Plastic Kasrkin...Valkyries...

*does a little dance*

I can finally do a Grenadier army!

-Dirge


----------



## angels of fire (Dec 4, 2007)

This would be realy cool and could make IG a mobile army, would the valkyries be available for Inquisition armies. If so I can see my army getting a total hitch.


----------



## Pandawithissues... (Dec 2, 2007)

Plastic kasrkin? hmm, they better not ruin them, those models are awesome.


----------



## DarthIbis (Aug 20, 2007)

I can't wait to see what they are going to add for the other armies.


----------



## Cadian81st (Dec 24, 2006)

Pandawithissues... said:


> Plastic kasrkin? hmm, they better not ruin them, those models are awesome.
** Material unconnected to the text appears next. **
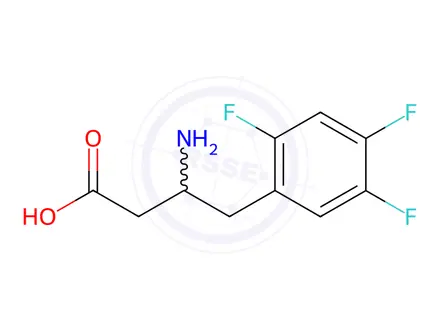 Chemical structure of 3-Amino-4-(2,4,5-trifluorophenyl)butanoic Acid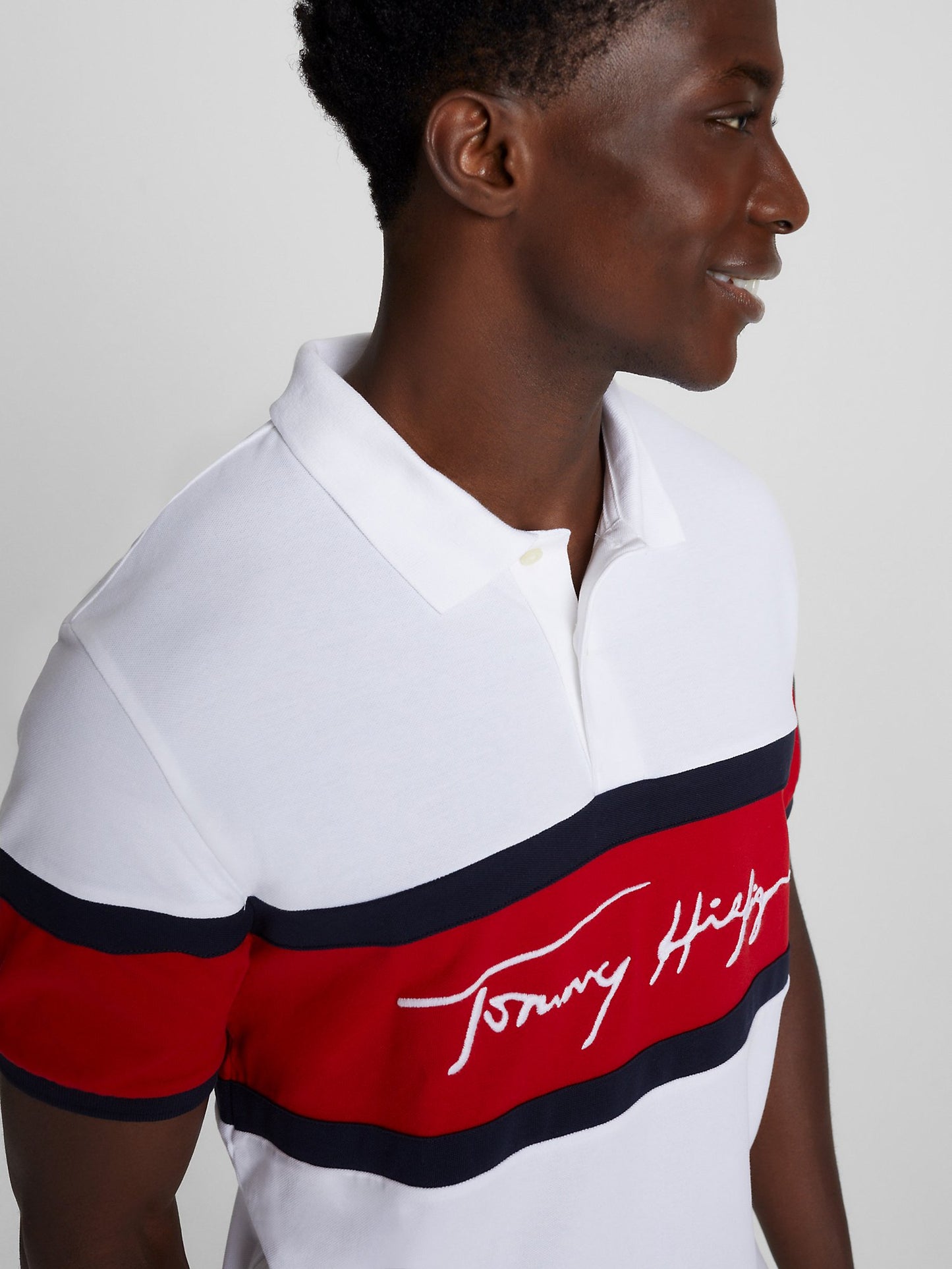 Tommy Hilfiger Slim Fit Colorblock Signature Polo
i imagine they would have the same sculptor do the plastics that did the metals, to maintain consistency.


----------



## Dirge Eterna (Apr 30, 2007)

The current Kasrkin are amazing sculpts. I hoping to see, simply, plastic versions of them with different arms and legs, and maybe a special Vox helmet or Sergeant helmet. The original ones were awesome. Very stormtrooper-y.

-Dirge


----------



## electriceye83 (Feb 16, 2008)

Any news on this rumour Ive heard of a space marine captain in terminator armour?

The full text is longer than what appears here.